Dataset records
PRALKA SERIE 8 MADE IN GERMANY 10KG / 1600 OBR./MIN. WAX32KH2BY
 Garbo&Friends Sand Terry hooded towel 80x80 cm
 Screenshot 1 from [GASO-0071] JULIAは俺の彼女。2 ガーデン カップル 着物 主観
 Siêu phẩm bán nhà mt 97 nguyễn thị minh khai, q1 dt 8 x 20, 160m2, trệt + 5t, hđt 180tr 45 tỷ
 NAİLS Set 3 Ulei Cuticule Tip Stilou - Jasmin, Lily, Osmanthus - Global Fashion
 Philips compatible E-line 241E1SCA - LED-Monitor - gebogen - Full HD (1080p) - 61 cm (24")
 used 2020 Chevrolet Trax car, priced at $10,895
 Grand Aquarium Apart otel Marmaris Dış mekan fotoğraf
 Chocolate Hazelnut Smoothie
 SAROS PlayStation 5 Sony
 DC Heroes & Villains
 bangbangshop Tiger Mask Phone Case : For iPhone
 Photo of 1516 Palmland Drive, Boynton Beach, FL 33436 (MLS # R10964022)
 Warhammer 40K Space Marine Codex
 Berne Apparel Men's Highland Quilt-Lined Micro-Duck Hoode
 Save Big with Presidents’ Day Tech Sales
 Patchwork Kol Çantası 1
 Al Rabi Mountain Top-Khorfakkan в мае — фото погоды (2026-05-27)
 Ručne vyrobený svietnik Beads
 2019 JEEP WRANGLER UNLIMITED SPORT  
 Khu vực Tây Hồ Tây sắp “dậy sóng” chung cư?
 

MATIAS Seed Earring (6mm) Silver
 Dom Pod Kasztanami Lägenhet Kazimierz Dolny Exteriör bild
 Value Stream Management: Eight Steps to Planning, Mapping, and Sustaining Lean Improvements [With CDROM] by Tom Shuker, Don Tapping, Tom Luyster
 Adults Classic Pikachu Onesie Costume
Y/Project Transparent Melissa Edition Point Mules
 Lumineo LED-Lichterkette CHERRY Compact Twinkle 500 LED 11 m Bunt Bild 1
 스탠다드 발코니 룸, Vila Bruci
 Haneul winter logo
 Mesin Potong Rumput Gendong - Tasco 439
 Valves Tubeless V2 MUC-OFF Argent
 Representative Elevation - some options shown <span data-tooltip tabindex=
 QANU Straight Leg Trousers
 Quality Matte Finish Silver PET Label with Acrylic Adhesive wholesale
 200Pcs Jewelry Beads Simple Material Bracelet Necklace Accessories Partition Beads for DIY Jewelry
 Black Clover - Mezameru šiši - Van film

_Your goal_
The reply should consist solely of the lines above from the one that has "Siêu phẩm bán" through the one that has "DC Heroes & Villains", reproduced exactly.

_Worked solution_
 Siêu phẩm bán nhà mt 97 nguyễn thị minh khai, q1 dt 8 x 20, 160m2, trệt + 5t, hđt 180tr 45 tỷ
 NAİLS Set 3 Ulei Cuticule Tip Stilou - Jasmin, Lily, Osmanthus - Global Fashion
 Philips compatible E-line 241E1SCA - LED-Monitor - gebogen - Full HD (1080p) - 61 cm (24")
 used 2020 Chevrolet Trax car, priced at $10,895
 Grand Aquarium Apart otel Marmaris Dış mekan fotoğraf
 Chocolate Hazelnut Smoothie
 SAROS PlayStation 5 Sony
 DC Heroes & Villains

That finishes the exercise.